Facebook had previously banned QAnon Pages, Groups and accounts if they called for or celebrated violence. But that meant Groups and Pages that peddle the QAnon conspiracies, but were not explicitly violent, remained on the service.
Now associating with QAnon is in many instances against the company’s rules, Facebook said Tuesday in a blog post. Individual accounts and posts related to QAnon are allowed on the social network, but the company imposed the ban on Groups and Pages in an effort to keep followers of the conspiracy movement from congregating. Instagram accounts linked to QAnon are also banned. The photo-sharing app doesn’t require people to use their real identities.

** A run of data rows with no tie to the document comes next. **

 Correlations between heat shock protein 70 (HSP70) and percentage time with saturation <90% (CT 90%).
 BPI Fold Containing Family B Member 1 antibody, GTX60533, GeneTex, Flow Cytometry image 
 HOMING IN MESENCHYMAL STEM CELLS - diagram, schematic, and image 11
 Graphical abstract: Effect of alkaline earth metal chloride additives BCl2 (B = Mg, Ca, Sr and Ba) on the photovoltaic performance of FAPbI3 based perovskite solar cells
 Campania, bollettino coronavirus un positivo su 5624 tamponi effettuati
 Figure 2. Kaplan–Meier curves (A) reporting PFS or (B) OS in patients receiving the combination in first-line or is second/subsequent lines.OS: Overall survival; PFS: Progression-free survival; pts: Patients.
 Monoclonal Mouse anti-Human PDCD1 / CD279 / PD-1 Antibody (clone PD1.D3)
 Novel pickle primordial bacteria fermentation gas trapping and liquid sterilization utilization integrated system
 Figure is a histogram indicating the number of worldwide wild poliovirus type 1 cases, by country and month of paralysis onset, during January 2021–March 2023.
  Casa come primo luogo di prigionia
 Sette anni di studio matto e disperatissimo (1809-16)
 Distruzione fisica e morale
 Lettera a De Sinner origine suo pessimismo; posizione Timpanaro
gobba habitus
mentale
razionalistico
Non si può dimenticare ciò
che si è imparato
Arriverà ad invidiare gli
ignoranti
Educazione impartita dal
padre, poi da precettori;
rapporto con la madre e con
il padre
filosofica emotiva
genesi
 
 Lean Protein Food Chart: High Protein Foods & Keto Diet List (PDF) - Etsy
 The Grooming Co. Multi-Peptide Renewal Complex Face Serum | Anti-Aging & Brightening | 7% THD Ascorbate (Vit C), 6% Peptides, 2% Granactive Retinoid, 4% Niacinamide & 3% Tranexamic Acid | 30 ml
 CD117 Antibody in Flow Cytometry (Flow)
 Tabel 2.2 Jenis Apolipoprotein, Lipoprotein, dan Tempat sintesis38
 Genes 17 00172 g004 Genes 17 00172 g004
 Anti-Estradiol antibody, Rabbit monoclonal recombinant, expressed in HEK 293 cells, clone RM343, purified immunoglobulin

In the blog post, Facebook said its Dangerous Organizations Operations team will proactively seek out content tied to QAnon, instead of just relying on user reports. “This work will take time and will continue in the coming days and weeks,” the company said.
The QAnon conspiracy group has become more mainstream thanks in large part to Facebook’s products. The network’s Groups feature has allowed QAnon believers — who think that President Donald Trump is fighting a cabal of high-profile child molesters — to find one another and spread their beliefs. Facebook removed hundreds of Pages and Groups linked to the movement in August, but an internal report uncovered by NBC News found that QAnon Groups on Facebook had millions of followers.
Trump has also promoted the group through posts and retweets on his social media accounts. The Federal Bureau of Investigation labeled QAnon as a domestic terrorist threat as early as August 2019.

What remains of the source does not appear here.